COPENHAGEN (Reuters) - A Danish regulator has ordered Danske Bank A/S (DANSKE.CO) to change how it calculates its solvency and set aside more risk capital, the bank said in a statement late on Monday.
Danske Bank, the country’s biggest financial institution, said the order from the Danish Financial Supervisory Authority (FSA) would result over time in a rise in risk-weighted assets of around 100 billion Danish crowns ($17.89 billion) relative to the figure for the first quarter of this year of 797 billion.
Another consequence would be an increase of 8 billion crowns in the bank’s capital requirements to 72 billion crowns from the 64 billion calculated at March 31, it said.
Danske Bank said it will start implementing the new requirements immediately, but did not agree with the FSA and is considering taking the decision to the Company Appeals Board.
“We do not agree with the FSA that the suggested adjustments would give a more accurate picture of Danske Bank’s risks,” chief financial officer Henrik Ramlau-Hansen said in the statement. “For that reason, we have proposed to the FSA that an independent third party be asked to validate our risk models.”
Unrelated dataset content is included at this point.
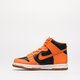 dětské tenisky NIKE DUNK HIGH  db2179-004 barva oranžová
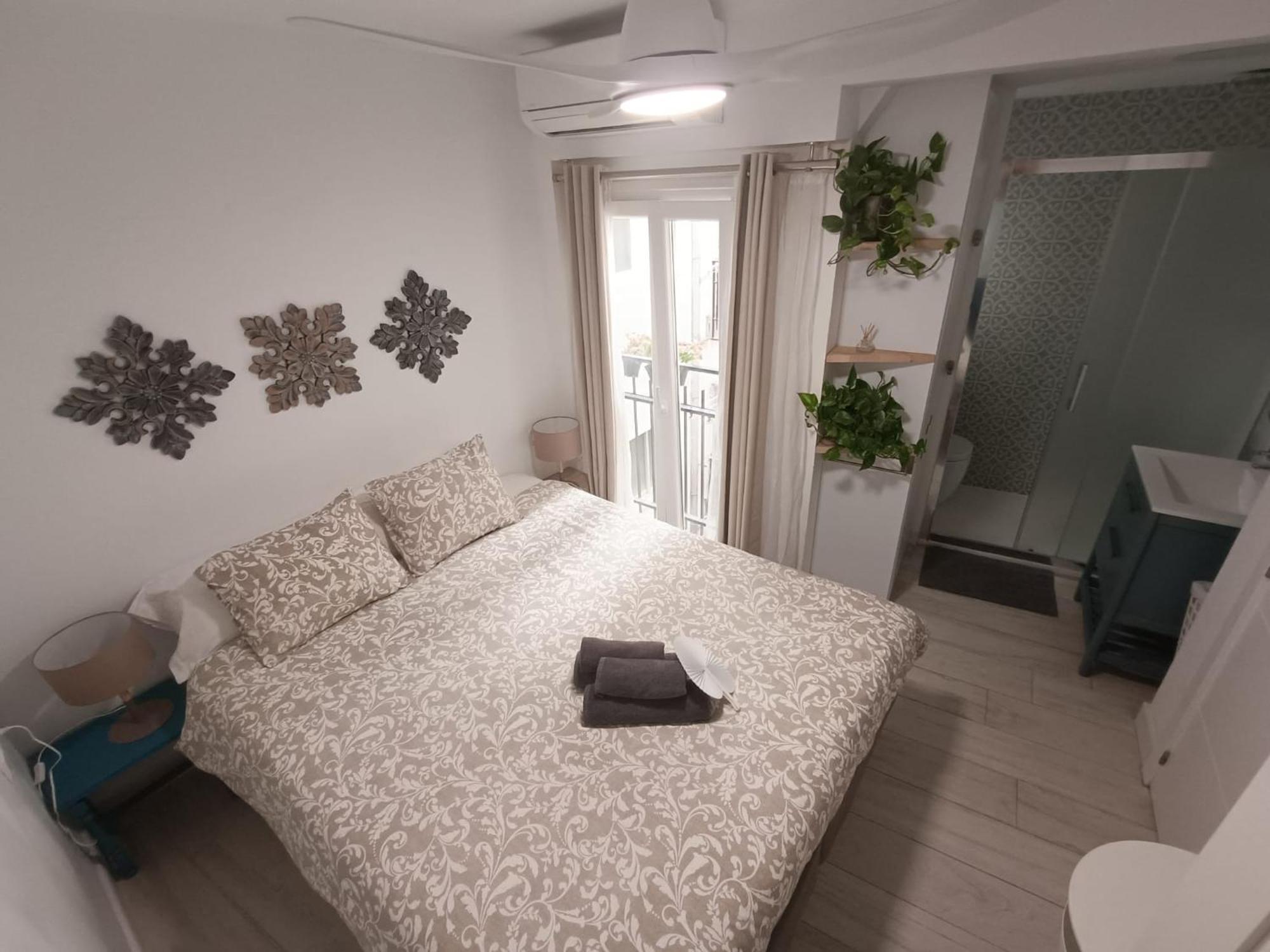 Casa Pena Apartment Malaga Bagian luar foto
From December 31 this year, the bank will have to change some specific elements of its calculations and increase the risk weighting for corporate exposures, the statement said.
With effect from June 30, the bank will have to set aside additional capital when it calculates what it needs to cover risks deriving from exposure to other institutions, as well as remove a related deduction.
However, the FSA orders would not change Danske Bank’s financial outlook for 2013 or its longer term financial targets for 2015, the bank added.